Conforme a la ortodoxia dominante, la idea de no juzgar a los demás es selectiva. No se puede descalificar a la mujer que aborta, pero se puede censurar a la que tiene más de dos hijos; hay que respetar el deseo del que pide la eutanasia sin juzgarle, pero no el derecho a la objeción de conciencia del médico; hay que abstenerse de juzgar al trans que quiere cambiar de sexo, pero se puede denostar a las mujeres que protestan porque ven invadidos los espacios propios femeninos.
¿Quién soy yo para juzgar? es una pregunta esgrimida solo para ciertos casos. Nos encanta que el Papa Francisco proclame la Iglesia de la misericordia, ese hospital de campaña que acoge a los pecadores heridos en la batalla de la vida. Pero nos gusta cuando se trata de pecados que comprendemos o que aceptamos como inevitables, sobre todo si tienen que ver con el sexo. Pero si se trata de pecados de otros que no nos gustan, la misericordia se denuncia como debilidad. Todos nos sentimos llamados a juzgar al negociante de armas, al que se lucra con la trata de personas, al empresario que compra voluntades políticas, al pedófilo. En esto, tolerancia cero. Y es verdad que no hay que transigir con estas conductas. Pero, para la Iglesia, son también ovejas que hay que recuperar, animándoles a la conversión.
El deseo del Papa Francisco de reintegrar al alejado es uno de sus rasgos que más atraen. Pero no siempre es bien comprendida su idea de la misericordia, que a veces se confunde con un relativismo blando. Como ha comentado el obispo Robert Barron: “Para muchos, el mensaje de la misericordia divina equivale a negar la realidad del pecado, como si este no importara. En realidad, es justo lo contrario. Hablar de misericordia es ser consciente del pecado y de su peculiar forma de destrucción”. El hijo pródigo es bien acogido al volver a la casa del Padre, pero no para que siga dilapidando la herencia.

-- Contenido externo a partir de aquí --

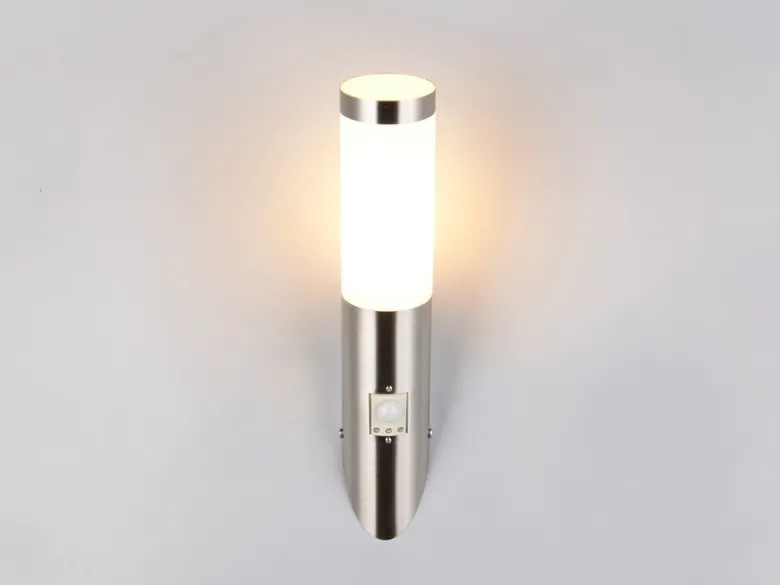 Moderne Außenwandleuchte TRIOTO mit Bewegungsmelder Silber, Höhe 39cm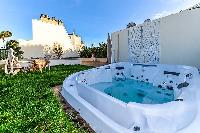 cool hot tub at Trocadero - Mandel 4 bedrooms luxury apartment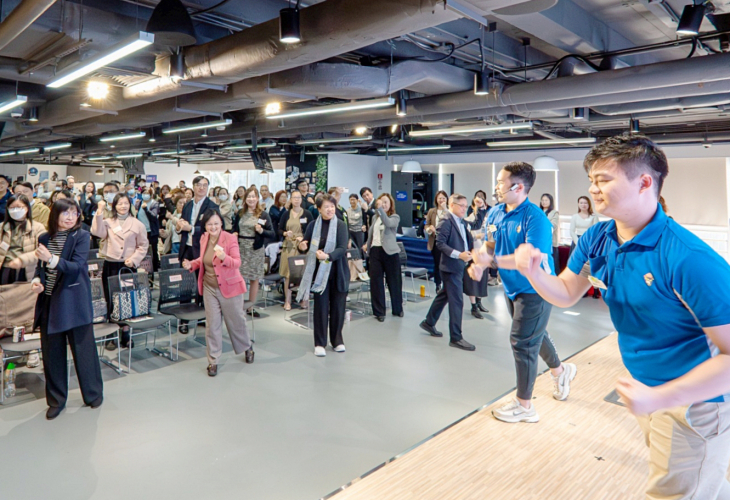 治療師帶領出席者齊齊舒展筋骨，體驗職安健運動能如何減少工作勞損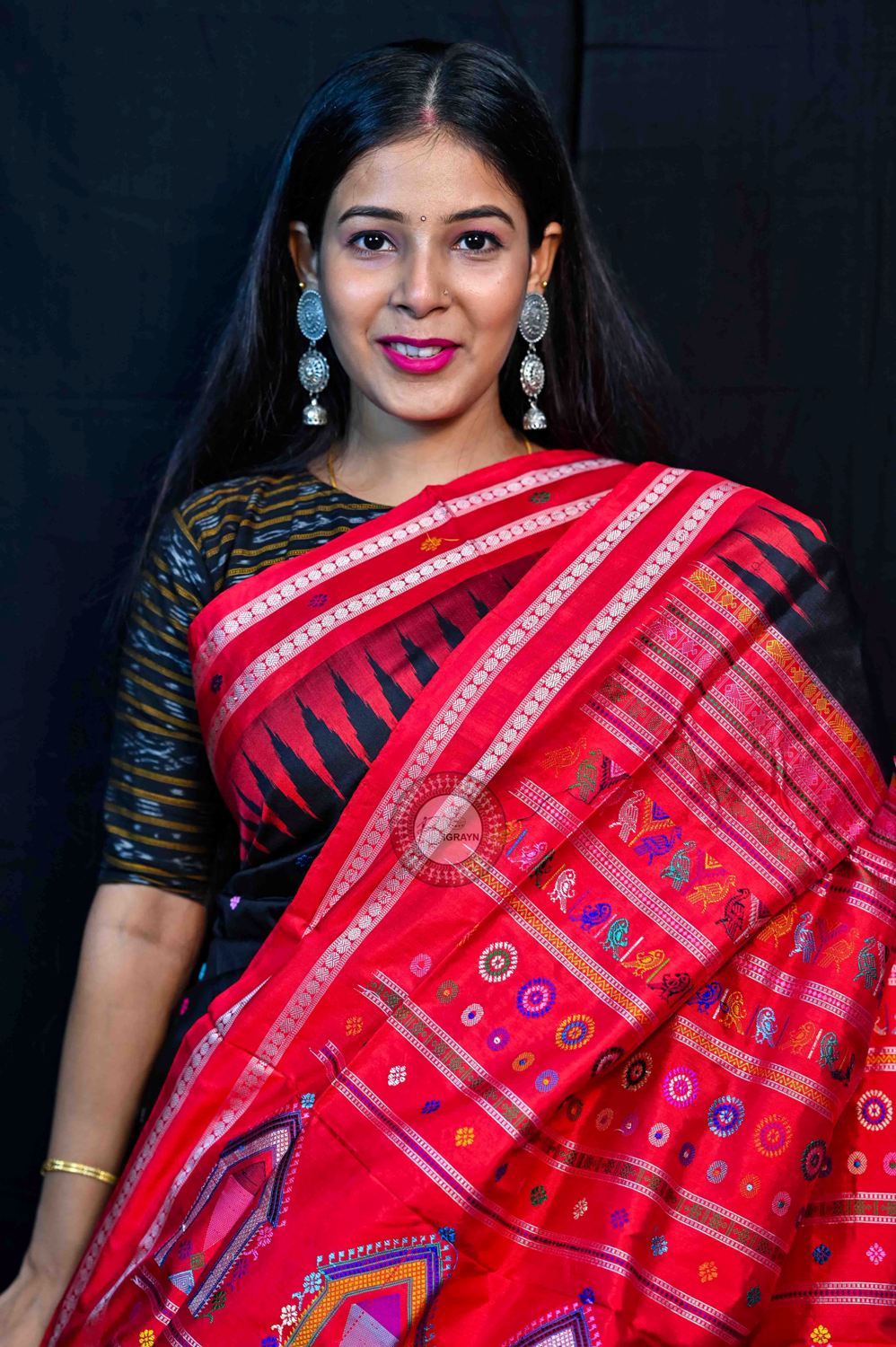 Black Red Dolabedi Silk Saree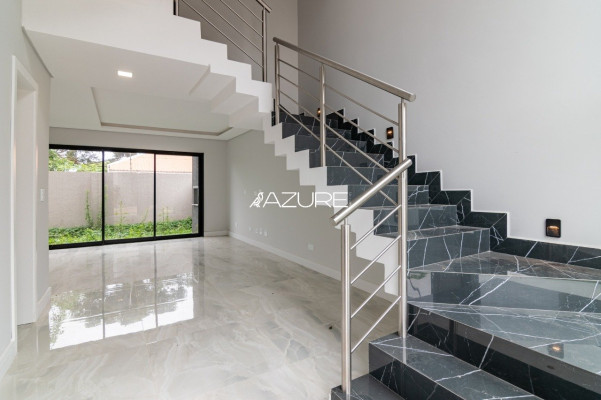 AZURE VENDE Casa 3 Suíte em condomínio Pilarzinho.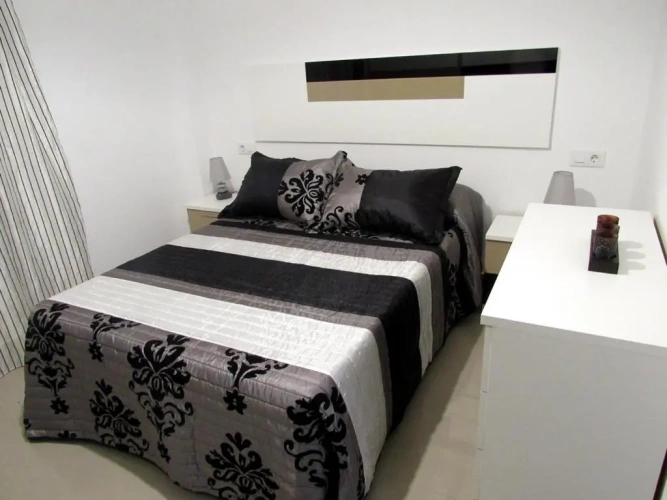 3 Bedrooms Apartment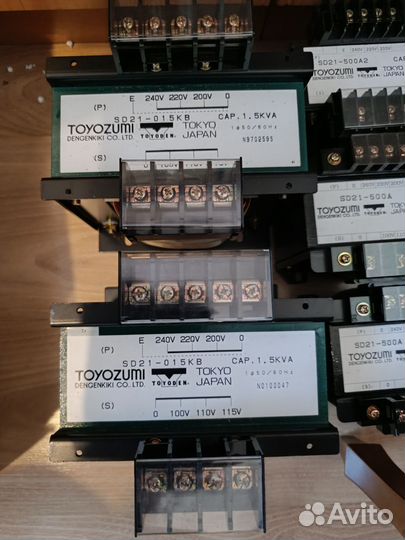 Трансформаторы понижающие Toyozumi SD21. Разные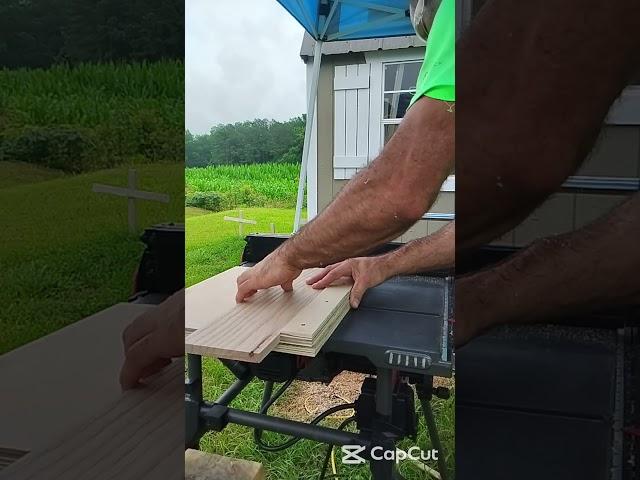 Simple Crosscut Sled For Perfect 90 Degree Cuts #woodworking #carpentry  #diy #fyp #Sawdust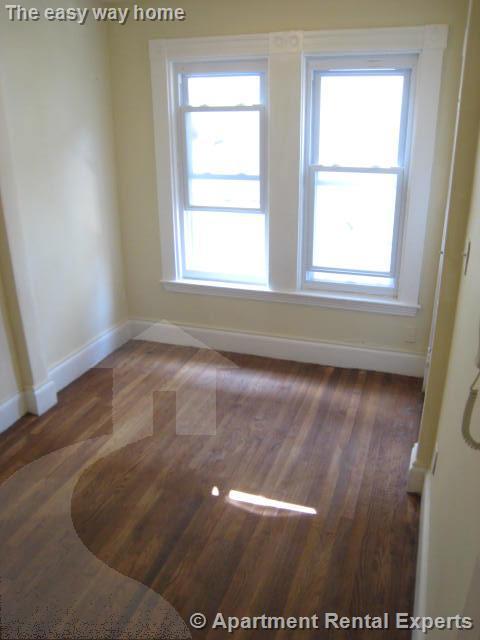 79 Walnut St, Prospect Hill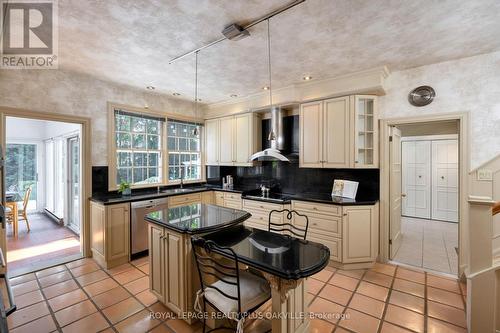 3020 First Street, Burlington (Roseland), ON - Indoor Photo Showing Kitchen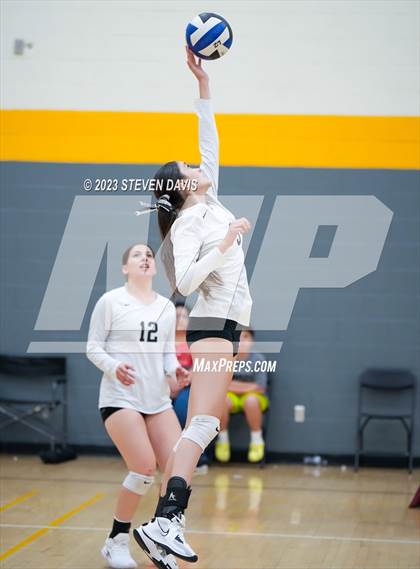 Thumbnail 3 in Douglas vs Glendale Prep photogallery.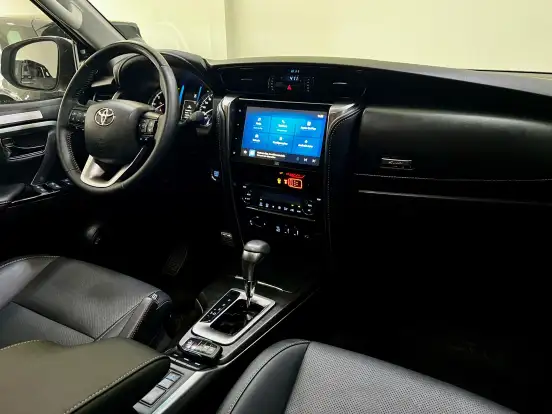 TOYOTA-HILUX SW4-2025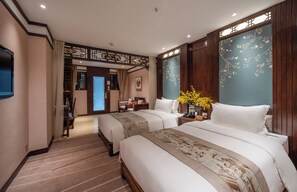 Elite Double Room, Non Smoking | Premium bedding, in-room safe, individually decorated - LIJIANG DUOFU RESORT HOTEL (Lijiang)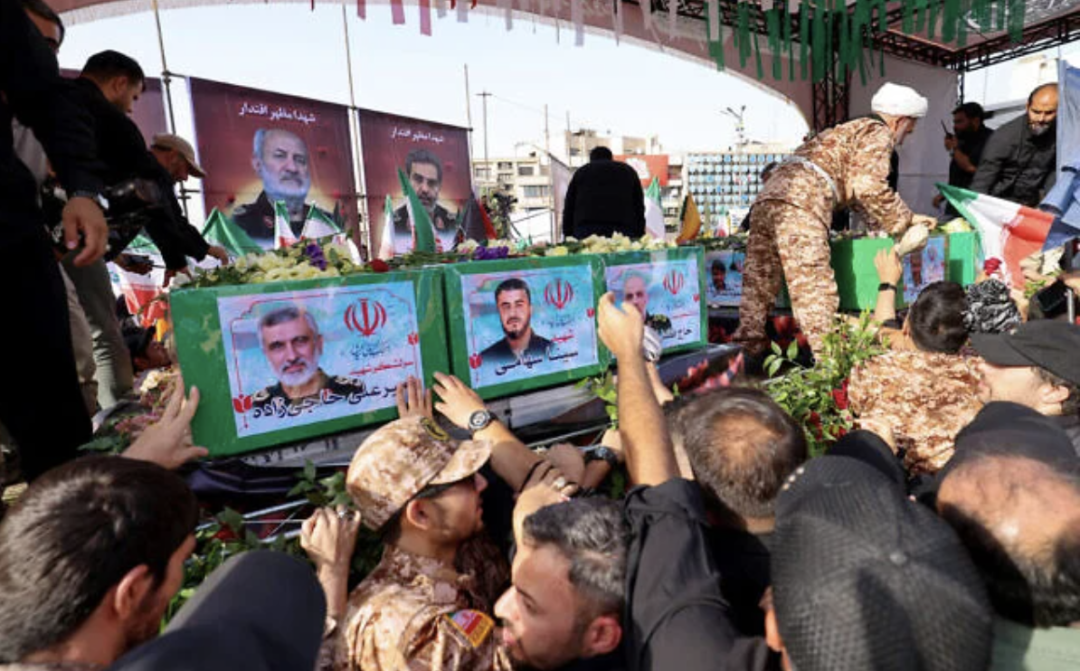 ◆2025年6月28日,伊朗德黑兰的恩格拉布广场,民众哀悼在以色列空袭中丧生的伊朗军事指挥官。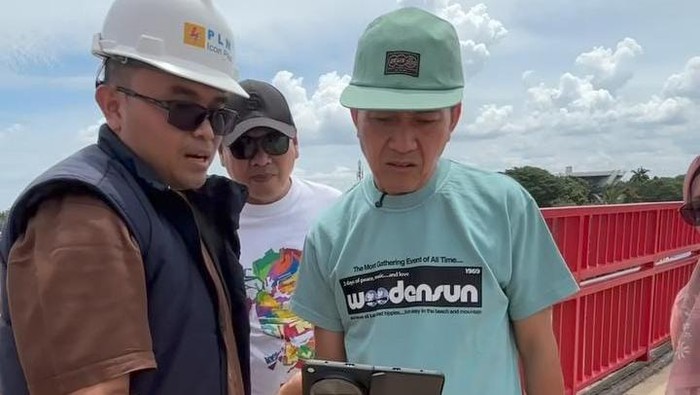 Wali Kota Palembang Ratu Dewa mengecek CCTV yang sudah terpasang di Jembatan Ampera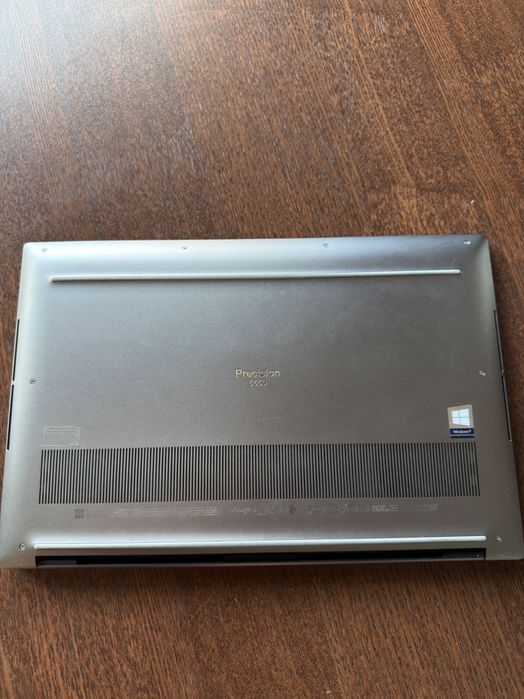 DELL Precision 5550 15.6" 4K touch| 32 GB RAM| i7-10875H| Quadro T2000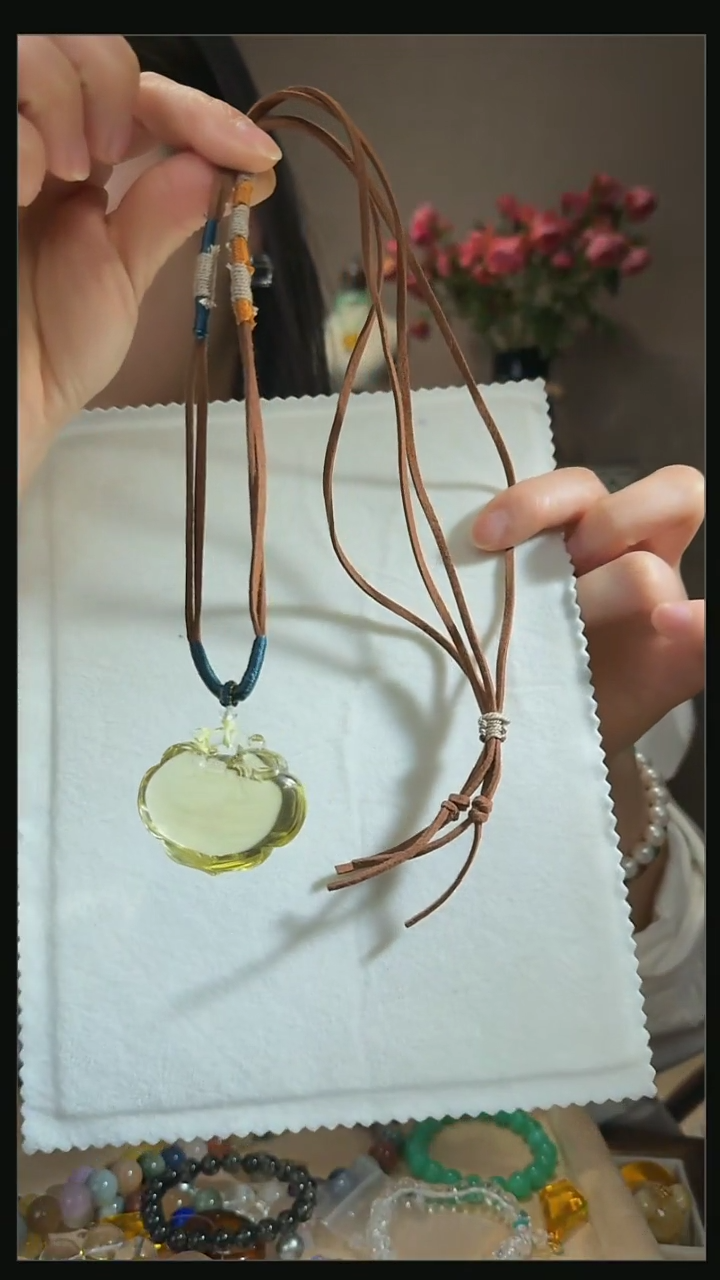 【闪购商品】黄晶吊坠(不含链)18K金镶嵌天然黄水晶吊坠赠编绳
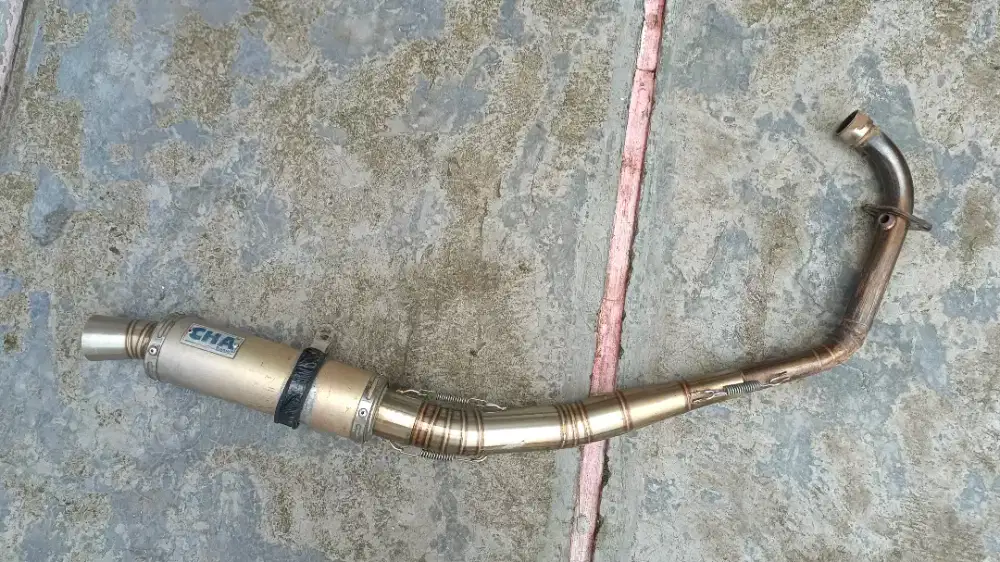 kenalpot recing honda sonic 150r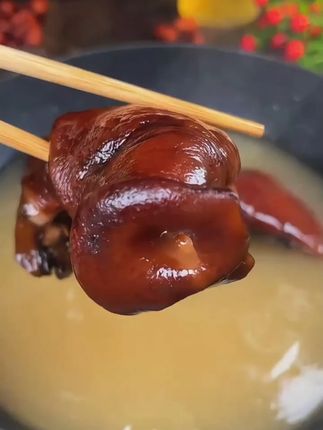 #创作灵感上热门 烟熏猪拱嘴来了,吃起来有淡淡的腊香味,口感有嚼劲,一斤有3到4个,我家大人小孩都很喜欢吃猪拱嘴,你也来尝尝吧#腊猪嘴#烟熏猪拱嘴#优质农产品#地方特色美食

Tras el mayo del 68, el relativismo se identificaba con la llamada sociedad permisiva, liberada de imposiciones. Pero ahora que la sociedad occidental ha dilapidado su herencia cristiana vemos imponerse lo que Benedicto XVI denunciaba como la “dictadura del relativismo”. Una sociedad dura en sus juicios contra los que no aceptan la ortodoxia dominante y poco dispuesta al perdón. Con la primera piedra en la mano y con un orgullo farisaicamente correcto.